Years later, in 1909, city planner
John Nolen would lament Doty's decision. "The impulse
to follow [L'Enfant's] plan of Washington [D.C.] was not an
altogether sound one," he wrote, "for the narrow
strip of irregular land in the Wisconsin wilderness, bounded
by irregular shore lines at places less than a mile apart,
called imperatively for a plan based primarily upon the peculiar
topography, and not for the mechanical and thoughtless application
of a fixed geometrical scheme."

Between Doty's time and Nolen's,
what is now the East Rail Corridor was known as the Great
Central Marsh a cattail marsh with sheets of open water.
Nineteenth-century residences on the East Isthmus clung to
the glacial ridges along Gorham St. and the Monona lakeshore.
The Great Central Marsh was considered a useless landscape
and a blight on the city; if filled, it would become potential
new real estate.
An
1883 Wisconsin State Journal editorial could not have made
the point more plainly when it argued, The [Great Central]
marsh is the natural seat for manufacturing industries ...
for land is cheap and plenty there for railroad, warehouse,
and factory purposes. From this time forward, there
appears to have been a strong consensus --indeed it was almost
a foregone conclusion -- that this area would become the factory
district. Madisonians firmly believed that smokestacks would
soon replace the cattails.
As the nation and Madison industrialized,
the Great Central Marsh was indeed filled, and factories,
infrastructure, and working-class housing were built on top.
By the 1930s the wetlands had been transformed into a bustling
25-track railroad yard serving the citys Factory District.
In its manufacturing heyday, the East Rail Corridor made or
processed batteries, machine parts, and fire extinguishers;
lumber, coal, and oil; paint, hardware, and auto parts; cigars,
candy, and crackers.

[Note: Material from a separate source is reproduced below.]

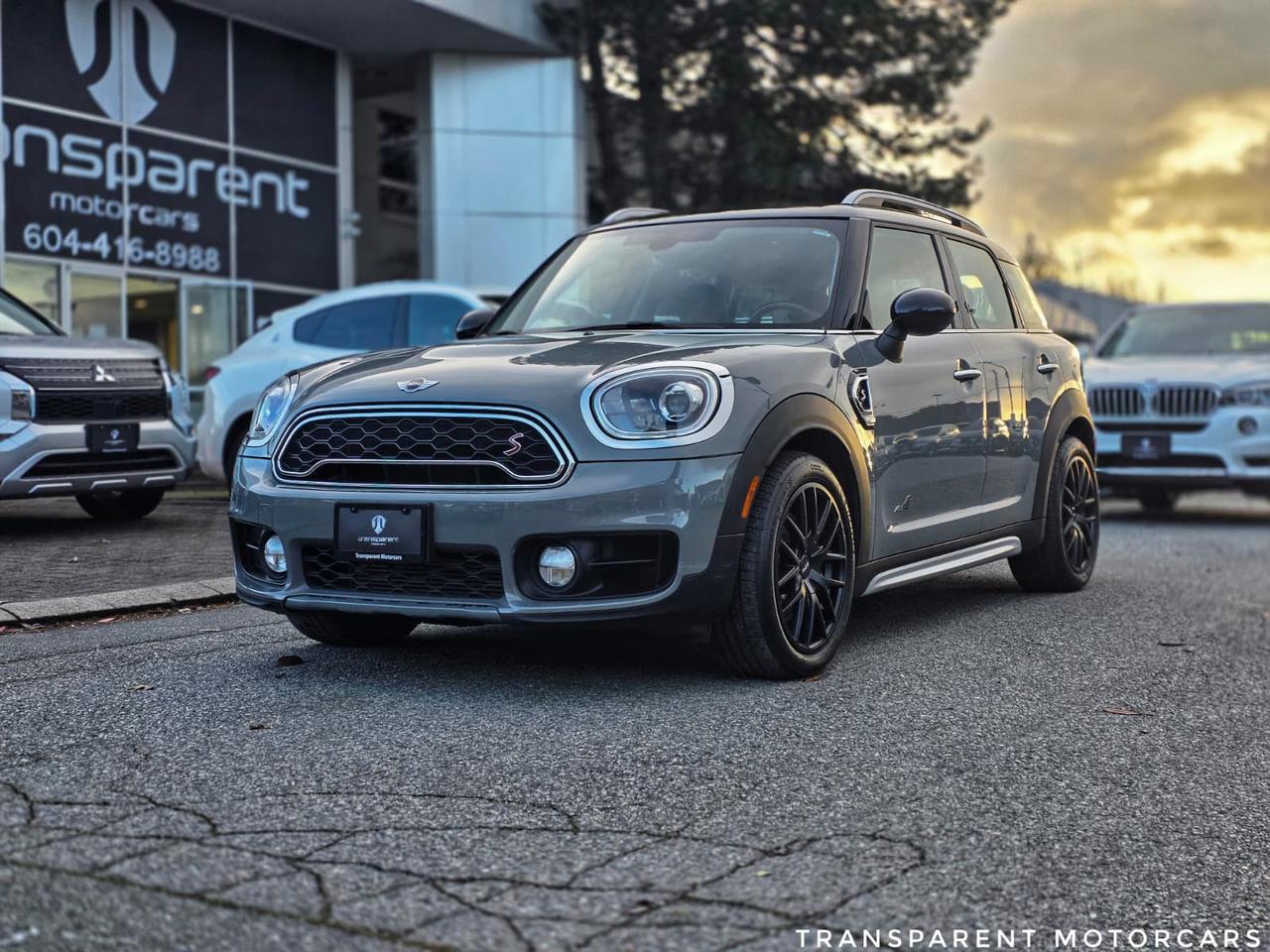 Used 2017 MINI Cooper Countryman S ALL4 for sale in Richmond, BC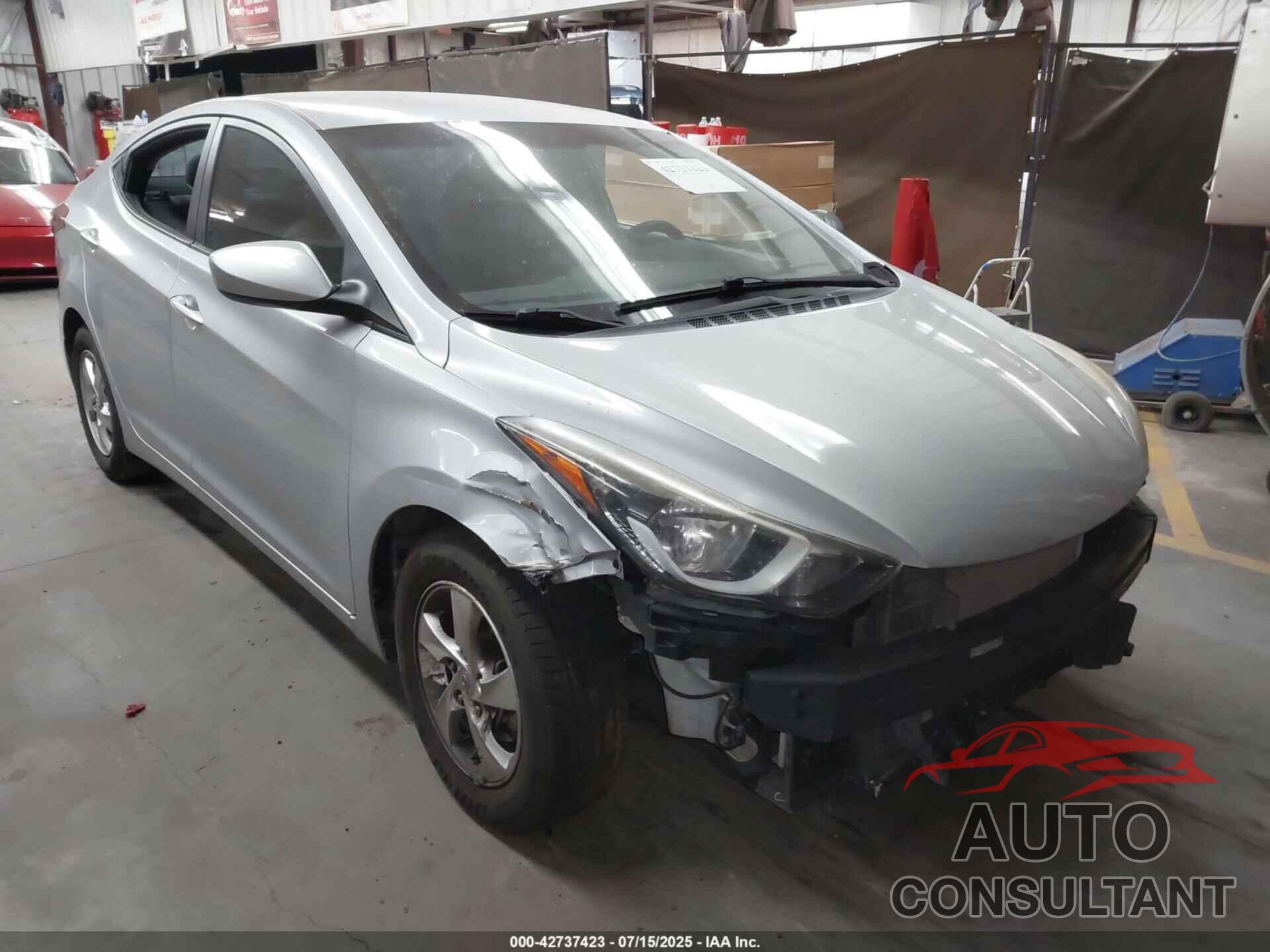 HYUNDAI ELANTRA 2014 - 5NPDH4AE4EH516030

Workers lived in the low-lying flats
of the Tenney-Lapham neighborhood to the north or the Willy
Street-Marquette neighborhood to the south (areas that remain
wetlands, as any resident who has gone down their basement
steps after a rainstorm can tell you).

Between 1950 and 2000 all but two the
railroad tracks were removed, and most of the factories either
closed or relocated to more spacious suburban locations. (Today,
only Mautz Paint & Varnish, Research Products Corp., and
MG&E can trace their roots back to mid-century.) This
has left the land in the East Rail Corridor remarkably open,
underutilized, and relatively inexpensive. Much of it is devoted
to surface storage, surface parking, or is simply derelict.
Meanwhile, the once-working-class nearby neighborhoods now
increasingly house commuters to downtown, to the University
of Wisconsin, or to the suburbs, and rising housing costs
have begun changing neighborhood character.